Комендант показывает нам основательно подорванное бетонное здание, от которого остались только груды кирпича и концы изувеченной железной арматуры. Лагерь же целехонек. Чистота, порядок. Только состав изменился. Вместо живых скелетов в полосатых куртках и штанах, каких мы с Крушинским видели в Освенциме, здоровенные, откормленные, ражие молодцы в своей черной форме. Разве только знаков отличия и различия нет, да и некогда щегольские сапоги поизносились.
– Тебе не кажется, что этих эсэсовцев здесь для чего-то берегут? – спрашивает Жуков, по обыкновению делая на ходу какие-то зарисовки. – Ведь это подумать – такая «забота о людях».
– Черт их знает, этих американцев. Войну-то они только из окон своих машин и видели. Откуда им взять благородный гнев?
При приближении нашей группы эсэсовцы, находящиеся поблизости, вытягиваются, что называется, едят глазами начальство, и подполковник отвечает им, небрежно бросая руку к пилотке.
– Дом отдыха имени Трумэна, – говорит Ян Дрда. Он жил в оккупированной Праге, видел эти черные мундиры в действии, и ему, как и нам, сейчас не по себе.
Блок № 5 администрация лагеря успела взорвать, а вот, так сказать, цех смерти взорвать не успели или забыли. Здесь все как было. Комната для отрубания голов, которое применялось к немецким антифашистам. Чистая, светлая, облицованная кафелем комната, с гладкими, покатыми полами, наклоненные желоба для стока крови, шланги со сверкающими наконечниками, чтобы смывать эту кровь в желоб. Другая комната, где вешали. Эта – побольше. Под потолком изогнутый рельс. На нем на колесиках блоки с петлями. Несколько блоков. Темный пюпитр для представителя прокуратуры, следившего за повешением. В углу – кафедра для священника. Рационализация производства, своего рода конвейер. Вешали. Констатировали смерть.
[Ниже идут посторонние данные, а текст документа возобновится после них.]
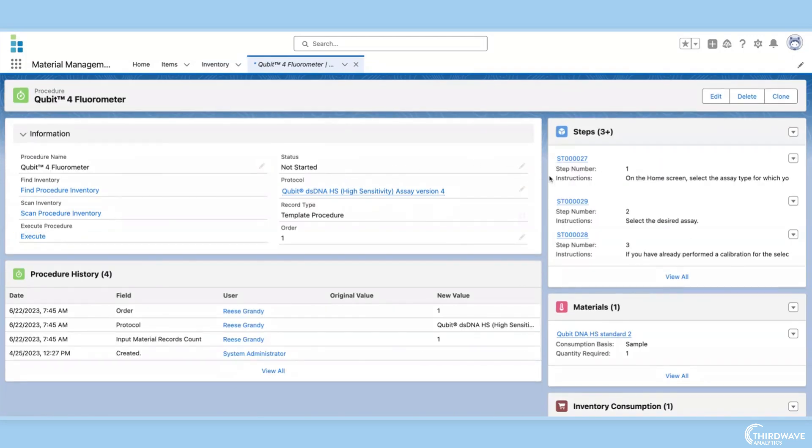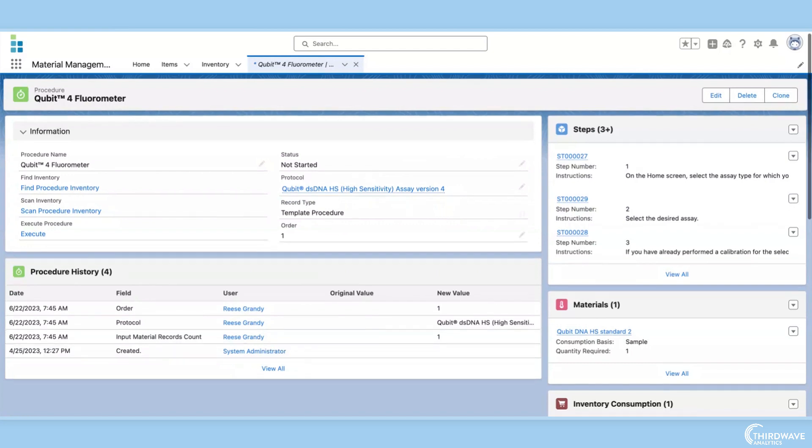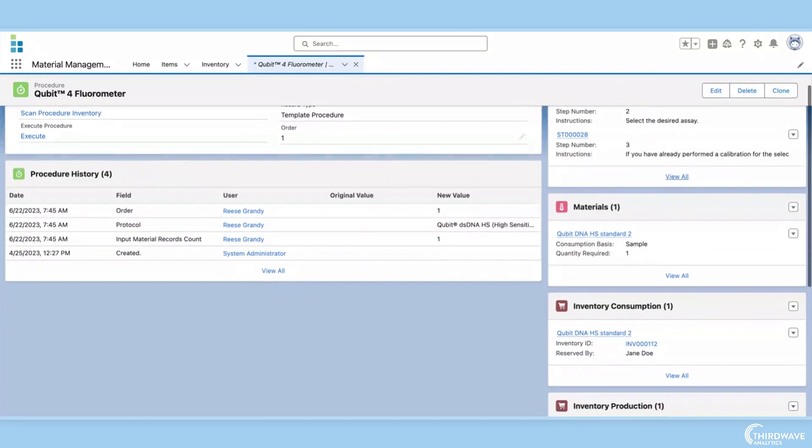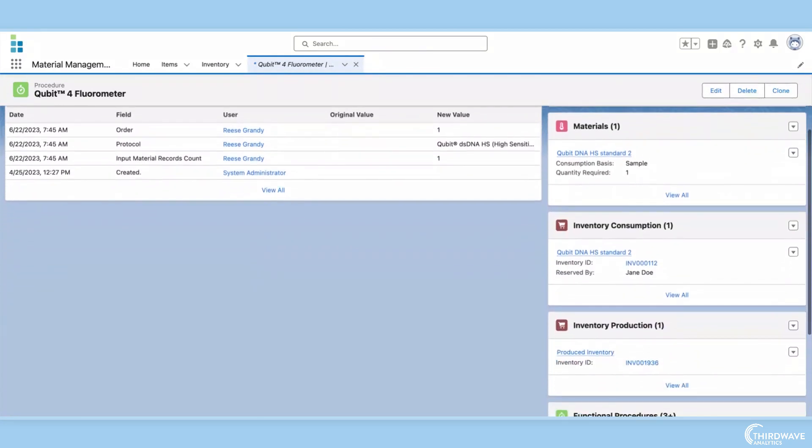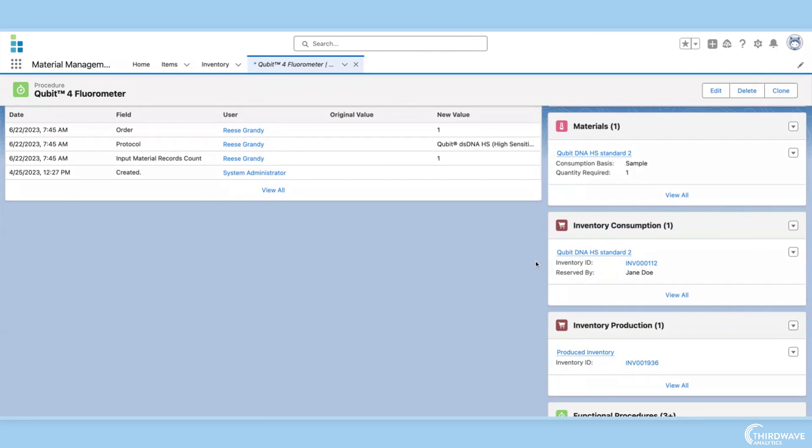Protocol execution is one of the most important applications of Lockbox's inventory management module. Lockbox allows users to reserve inventory for protocols and will automatically decrement inventory from the LIMS inventory records when the protocol is complete. Furthermore, if the protocol produces new inventory, Lockbox can also automate the creation of new inventory records.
Прямо в петле катили по рельсику в другую комнату, а тем временем выползал другой блок с другой петлей. И, наконец, третья комната, уже не столь технически оборудованная – помещение для расстрелов. Оно в виде приемной врача. Всяческие приборы для измерения силы, кубатуры легких, объема грудной клетки. И роста. Да, и роста. Человек вставал на площадку этого прибора прижатого к стене, приникал головой к измерительной линейке и в это мгновение через отверстие в стойке получал пулю в затылок. Противоположная стена, за занавесочкой, была выложена толстой резиной, чтобы пуля, пробив голову, не давала рикошетов.
Цеха смерти. Конвейер смерти. Все продумано до последней гайки. Но это все уже устарело. Что значит все это хозяйство по сравнению с освенцимскими «газовнями», где за пятнадцать минут уничтожалось разом до тысячи человек!
Наконец, в завершение, так сказать, на закуску комендант показывает нам некое нацистское чудо. Пятнадцатилетний парень, угловатый, нескладный подросток. Белокурый, голубоглазый с бледным лицом, не лишенным привлекательности, оказывается, сын бывшего нацистского коменданта лагеря по имени Макс. Папаша воспитывал и закалял его в чисто нацистском духе. В день рождения вместо именинного пирога с соответствующим возрасту количеством свечей ему позволяли расстреливать соответствующее количество пленных – двенадцать, тринадцать. Четырнадцать расстрелять не удалось. Это чудо держат в заключении в особой комнате. Судя по его состоянию, хорошо питают. И не знают, что с ним делать. Суду не подлежит – малолетний. Не организовывать же из-за него одного лагерь для малолетних нацистских преступников. Но и отпустить нельзя. О его именинных развлечениях знает слишком много людей.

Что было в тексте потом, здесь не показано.